Die Früchte sind im himmlischen Feuer "gekocht" und reif, so reif, dass sie auf die Erde fallen und dort "geprüft" werden - Schlangen gleich, die in die Erde hineingehen und wiederkehren. Die Schlangen erneuern sich immer wieder, indem sie sich häuten. So werden die Früchte "geprüft": nur was wirklich reif war, kann nach dem Hineingehen in die Erde unbeschadet, wenn auch verändert wiederkehren. Die Prüfung erbringt, ob die reife Frucht keimen und neue Früchte bringen kann. Damit gehören die "Gelben Birnen" in die Fülle der Reifezeit, aber die wilden Rosen blühen sehr viel früher. Damit ist deutlich, dass hier kein "Bild" einer bestimmten Situation in der Natur gezeichnet ist. In Menons Klage um Diotima heißt es:

Euch ihr Liebenden auch, ihr schönen Kinder des Maitags,
Stille Rosen und euch, Lilien, nenn ich noch oft!

Die Rosen, Kinder des Maitags, sind ein Zeichen der Liebe, die Lilien stehen für die Reinheit. Die wilden Rosen sind - mehr noch als die Rosen - das Zeichen der reinen Liebe, für die Minnesänger sind sie das Symbol der reinen Minne zu der Herrin ihres Herzens. Hier finden sich Anklänge aus der sufischen Mystik. Die reine - unerfüllte - Liebe ist ein Sinnbild für die Liebe zu Gott. Die wilden Rosen sind immer wieder auch der Sitz der "Herrin": Maria im Rosenhag oder im Märchen etwa Dornröschen. Erst als genau der richtige Prinz kommt, öffnet sich der undurchdringliche Rosenstrauch und gibt die schlafende Prinzessin frei, die bisher sicher und verborgen im Zentrum des Strauches geschlafen hatte.
Auch die Schwäne sind das reine Bild der Liebe:

Aber wir, zufrieden gesellt, wie die liebenden Schwäne,
Wenn sie ruhen am See, oder, auf Wellen gewiegt,
Niedersehn in die Wasser, wo silberne Wolken sich spiegeln
und ätherisches Blau unter den Schiffenden wallt.
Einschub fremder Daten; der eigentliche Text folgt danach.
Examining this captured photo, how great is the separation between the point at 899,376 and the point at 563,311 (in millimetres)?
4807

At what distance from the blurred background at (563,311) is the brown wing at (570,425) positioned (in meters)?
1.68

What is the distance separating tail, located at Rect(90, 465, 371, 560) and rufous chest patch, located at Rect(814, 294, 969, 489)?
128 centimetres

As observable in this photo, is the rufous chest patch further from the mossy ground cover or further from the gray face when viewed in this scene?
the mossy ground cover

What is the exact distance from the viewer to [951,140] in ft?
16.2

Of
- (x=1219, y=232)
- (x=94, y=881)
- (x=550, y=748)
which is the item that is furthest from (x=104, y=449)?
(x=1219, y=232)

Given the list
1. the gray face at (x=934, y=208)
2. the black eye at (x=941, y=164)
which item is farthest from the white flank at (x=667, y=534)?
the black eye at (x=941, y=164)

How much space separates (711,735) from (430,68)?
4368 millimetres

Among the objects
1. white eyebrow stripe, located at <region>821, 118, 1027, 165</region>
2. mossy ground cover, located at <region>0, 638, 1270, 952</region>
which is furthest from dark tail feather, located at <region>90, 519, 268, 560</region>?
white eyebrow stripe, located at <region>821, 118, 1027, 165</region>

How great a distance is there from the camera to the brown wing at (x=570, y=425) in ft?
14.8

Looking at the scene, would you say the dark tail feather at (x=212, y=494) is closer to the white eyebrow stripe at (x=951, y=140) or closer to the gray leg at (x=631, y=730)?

Das Gedicht ist auf eine sehr eigenartige Weise entstanden. Hölderlin hat an der unvollendet gebliebenen Hymne gearbeitet, die mit den Worten .."Wie wenn am Feiertage ..." beginnt. Er versucht hier, die Aufgabe des Dichters zu reflektieren. Wenn die Dichter reinen Herzens sind, können sie mit bloßem Haupt unmittelbar unter den Gewittern Gottes stehen und das Lied, das dieses göttliche Feuer enthält, an die Menschen weiterreichen, die so gefahrlos dieses Feuer empfangen können.
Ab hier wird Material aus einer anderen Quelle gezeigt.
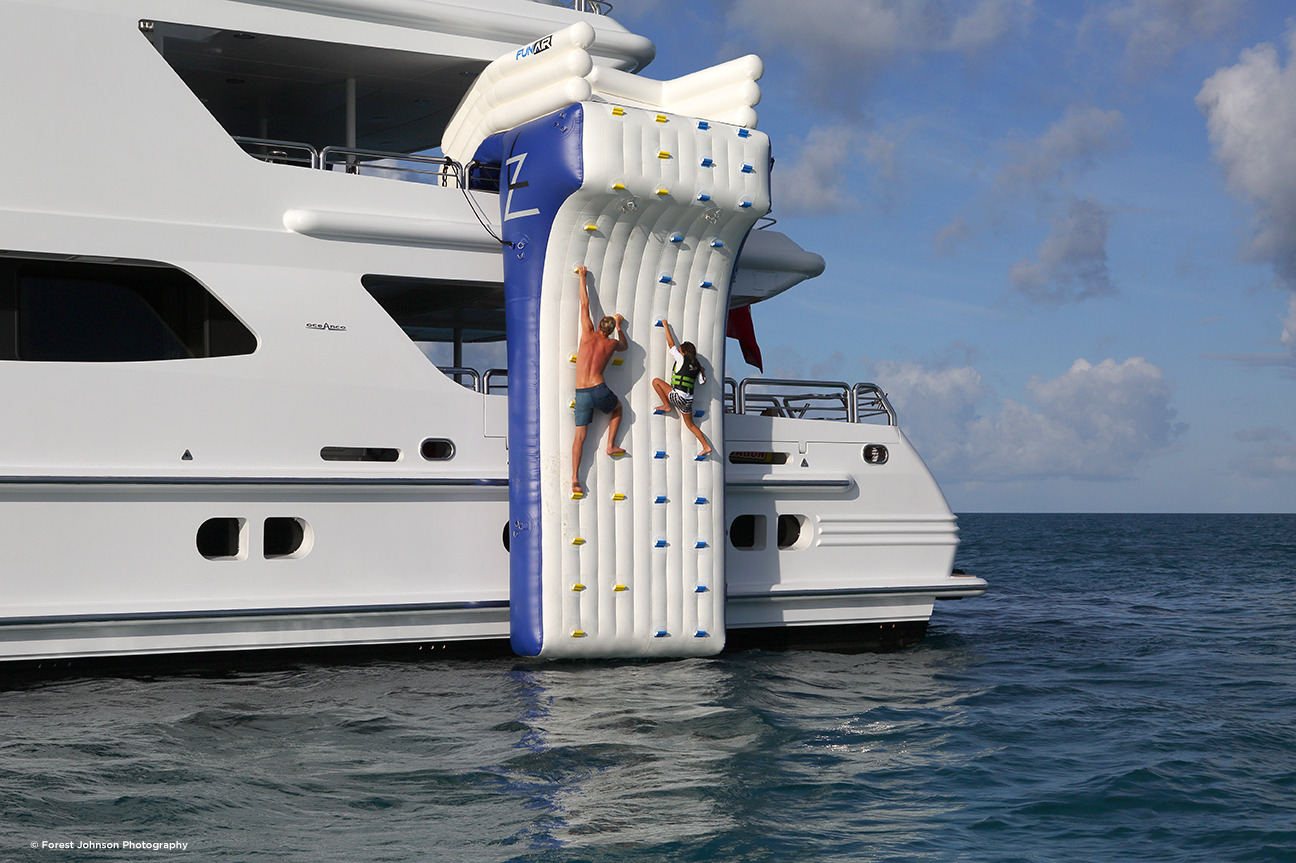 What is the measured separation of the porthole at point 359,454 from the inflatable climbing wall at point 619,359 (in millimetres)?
890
Doch uns gebührt es, unter Gottes Gewittern,
Ihr Dichter! mit entblößtem Haupte zu stehen,
Des Vaters Strahl, ihn selbst, mit eigener Hand
Zu fassen und dem Volk ins Lied
Gehüllt die himmlische Gabe zu reichen.
Denn sind nur reinen Herzens,
Wie Kinder wir, sind schuldlos unsere Hände,

Wenn die Dichter reinen Herzens sind, können sie unversehrt unter dem göttlichen Feuer stehen und ihre Mittlerfunktion als Künder des Göttlichen wahrnehmen. Die Hymne bricht ab mit den Worten:

Doch Weh mir! wenn von
 Weh mir!
  Und sag ich gleich,...
 
Ich sei genaht, die Himmlischen zu schauen,
Sie selbst, sie werfen mich tief unter die Lebenden,
Den falschen Priester, ins Dunkel, dass ich
Das warnende Lied den Gelehrigen singe
Dort ...

Wehe, wenn die Dichter, aus eigener Not oder um sich aus der Enge des Alltags herauszulügen, falsche Bilder des Göttliche schaffen, wehe wenn er sich "ver-wünscht"!
"Darf, wenn lauter Mühe das Leben der Mensch aufschauen und sagen, so will ich auch sein?" Hölderlin gibt eine Antwort mit einer sehr deutlichen Einschränkung: "Ja. Solange die Freundlichkeit noch am Herzen, die Reine, dauert, misset nicht unglücklich der Mensch sich mit der Gottheit!" Was aber, wenn die 'Freundlichkeit' nicht mehr ist? Wenn die Menschen sein wollen wie Gott?
Wenn das Herz nicht rein ist, muss der Gesang misslingen. Man projiziert, um der eigenen Not zu entkommen, Wunschbilder, die in die Irre leiten. Nietzsche schreibt:"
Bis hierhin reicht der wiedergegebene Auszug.